_Assigned task_
In this exercise, retype exactly the lines from the start of the entries through the line bearing "Here is a fluoroscopy", leaving every picture out.

_Dataset entries_
· · · ·

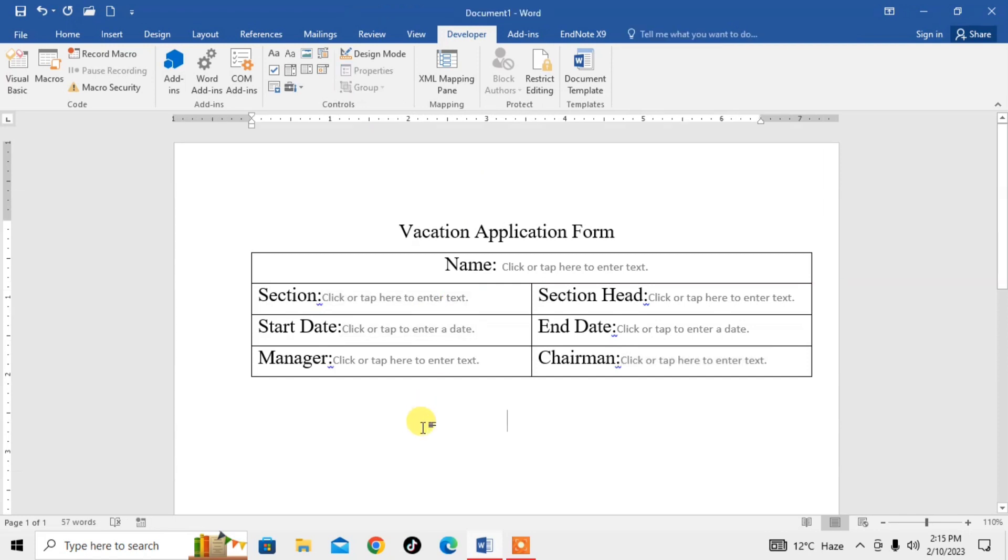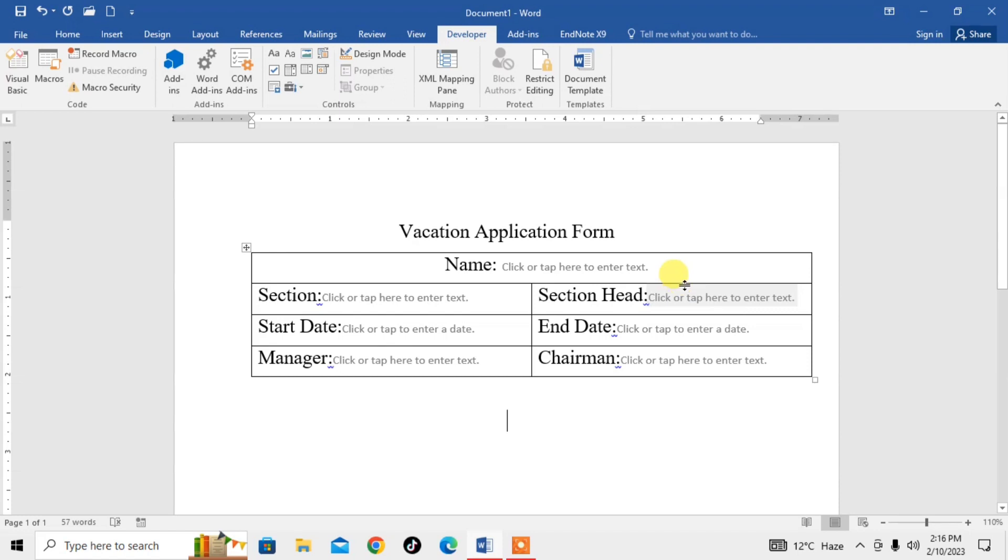So this is how you can create a fillable form in Microsoft Word, and this form will be filled by your employee or any other person you need to fill it later. If this video helps you in any way, please subscribe to my channel and hit the like button. Thanks for watching, thanks for your time, goodbye.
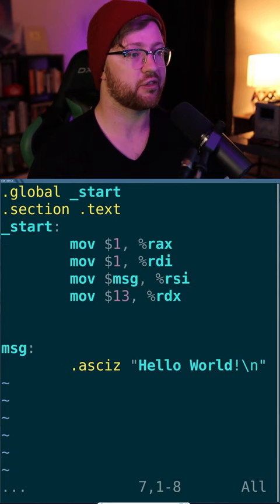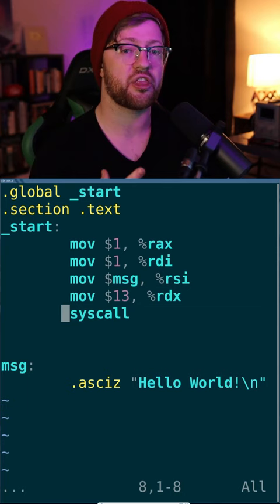Next, we say the length of the string in RDX, which is just 13. And then we say syscall. This invokes the kernel to execute with the data we've provided.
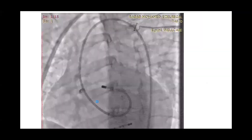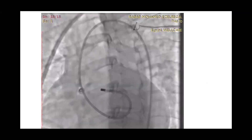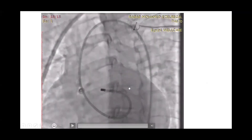Here is a fluoroscopy video. We entered the RVOT and started viewing the map, guided by the 3D electro-anatomical mapping system CARTO. Here, the team was performing mapping in the left coronary cusp, trying to obtain the earliest local activation time relative to the QRS complex.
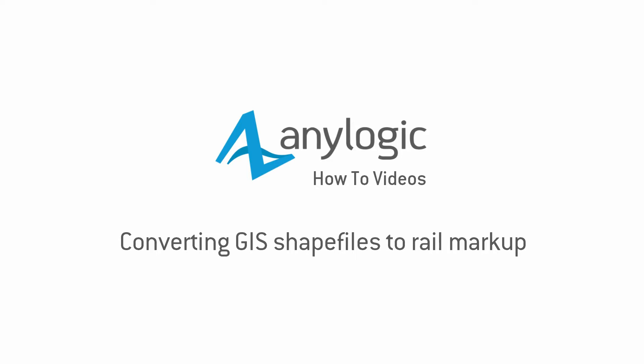In this video, we'll show you how to convert the GIS shapefile data into AnyLogic Railway network shapes.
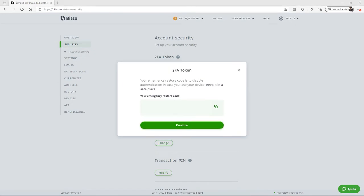You'll also want to jot down this emergency restore code in a safe and secure place where no one else will have access to it. Then we'll click Enable.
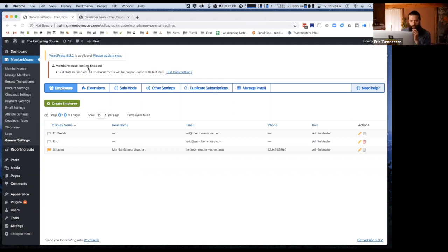Next question is from Bob. He asks: I want a user to sign up but not provide credit card information. How can I allow people to register without a credit card?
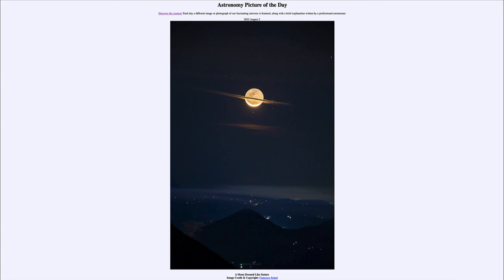So that was our picture of the day for August 2nd of 2022, titled 'A Moon Dressed Like Saturn.' We'll be back again for the next picture preview, which will be a cat's eye, so we'll see what that is about tomorrow. Until then, have a great day everyone, and I will see you in class.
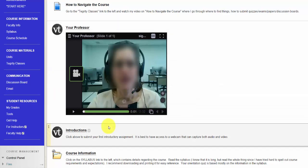In addition to the professor's introduction, students should also be asked to introduce themselves online.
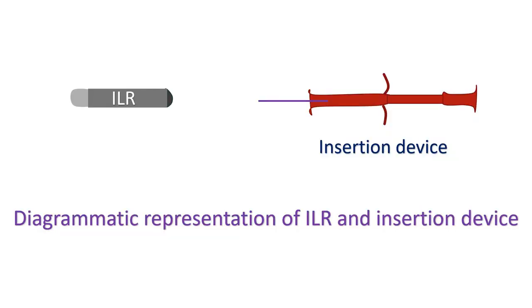Implantable loop recorders have also been called insertable cardiac monitors and subcutaneous cardiac rhythm monitors. Due to availability of smaller devices which can be implanted using an injection-like procedure, that variant has been called injectable loop recorders.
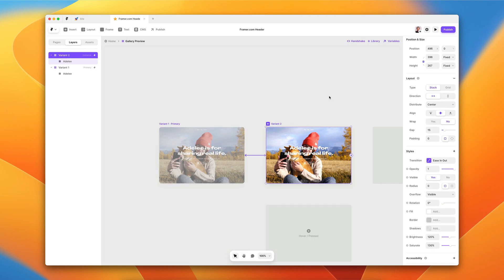Then there's the overlay, which I've hidden for now. Right-clicking and choosing Show reveals it — it's just a gradient on top of everything that contains the rest of the content, including the H1 heading and a button to sign up.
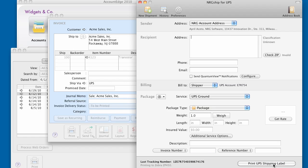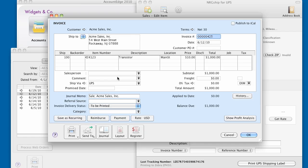After you print your shipping label, NRGship automatically puts the tracking number onto your clipboard, so it's simple to paste it back into the comment field.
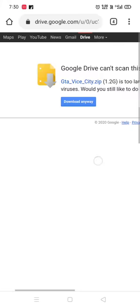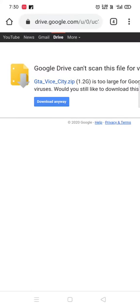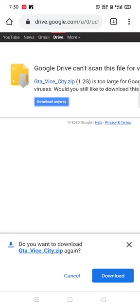You can download the links in the description below by clicking the link. You need to install using the download button here.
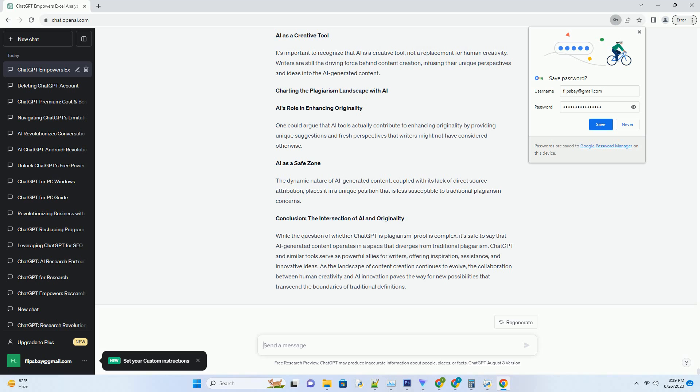AI as a Safe Zone. The dynamic nature of AI-generated content, coupled with its lack of direct source attribution, places it in a unique position that is less susceptible to traditional plagiarism concerns.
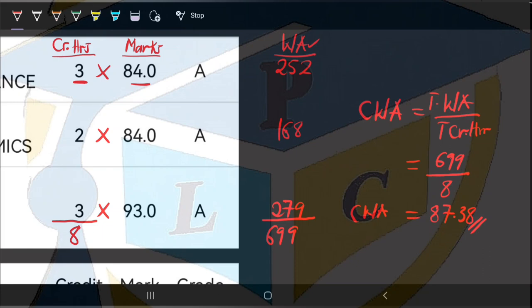You can clearly interpret that this student is a first class student because we said for you to earn first class under the CWA system in Kwame Nkrumah University of Science and Technology, we expect you to have 70 and above. So this student is in first class. This is how we calculate the CWA for the first semester.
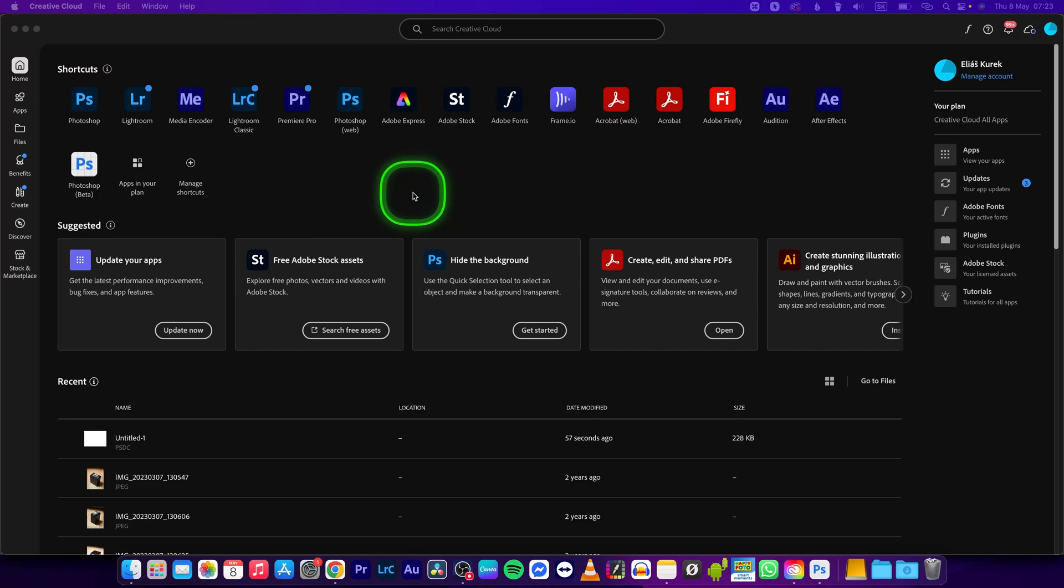Hey guys, my name is Elijah and in this tutorial I will show you how to share files in Adobe Creative Cloud.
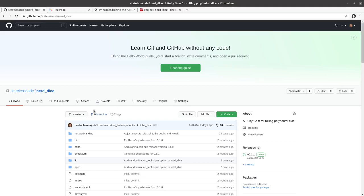Welcome to the Stateless CodeCast. This is video number 23 in our series, Create a Ruby Gem, Nerd Dice.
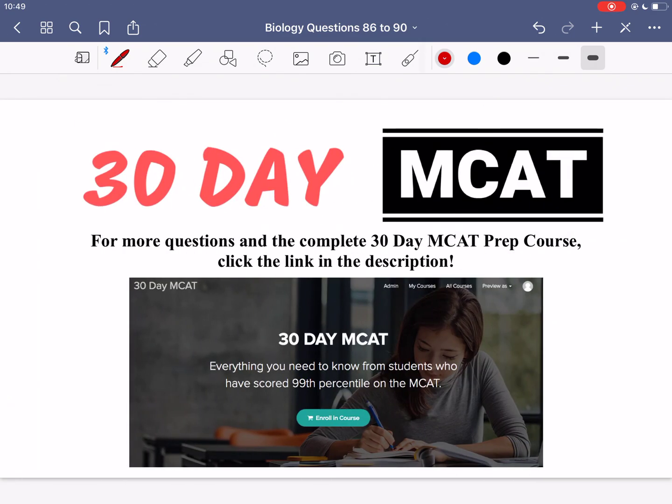That's it for the questions in this video. If you enjoyed what you saw, make sure to check out our course — the link is in the description below. In that course we go through a lot more questions just like this, explaining why each answer is correct or incorrect. Make sure to subscribe to this channel to stay up to date with the videos we post here. I'll see you guys.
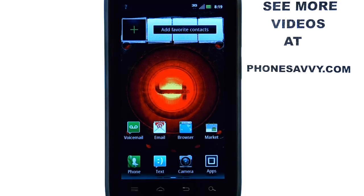Welcome to PhoneSavvy.com smartphone training videos. Visit our website at PhoneSavvy.com to see more training videos on the Motorola Droid 4.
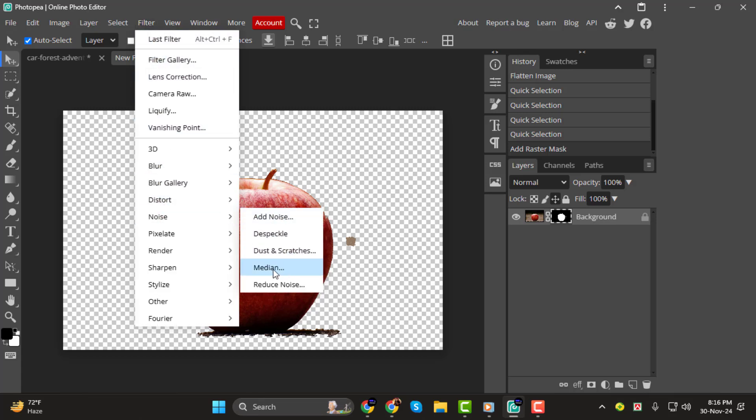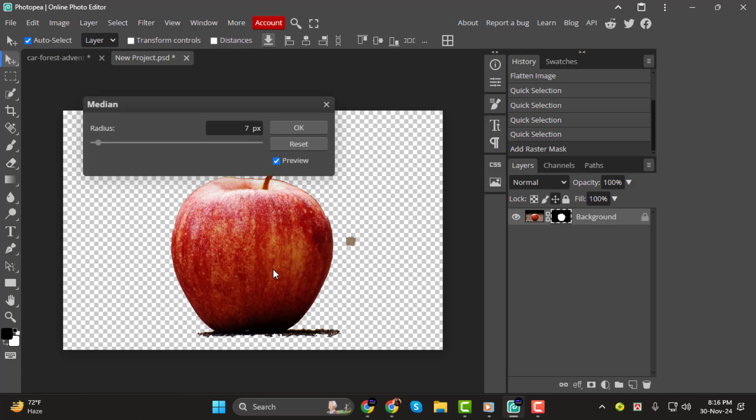The median filter will help smooth out the jagged edges. Adjust the slider to find a balance that works for your image.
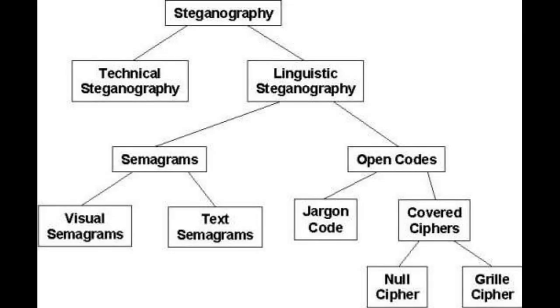The formula above describes the process of steganography as discussed above. The explanation of this formula is: the cover medium refers to the file that we are going to put our information on. Hidden data obviously is the data we want to keep secret. An encryption method is a choice for us.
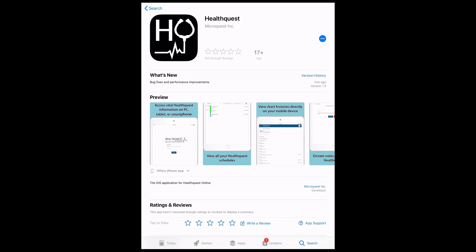Hello, this is Emmy with the HealthQuest team, and in this video I will walk you through setting up the HealthQuest Online app on your mobile device.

· · · ·

_Response area_
So this is how you can create a fillable form in Microsoft Word, and this form will be filled by your employee or any other person you need to fill it later. If this video helps you in any way, please subscribe to my channel and hit the like button. Thanks for watching, thanks for your time, goodbye.
Next, we say the length of the string in RDX, which is just 13. And then we say syscall. This invokes the kernel to execute with the data we've provided.
Here is a fluoroscopy video. We entered the RVOT and started viewing the map, guided by the 3D electro-anatomical mapping system CARTO. Here, the team was performing mapping in the left coronary cusp, trying to obtain the earliest local activation time relative to the QRS complex.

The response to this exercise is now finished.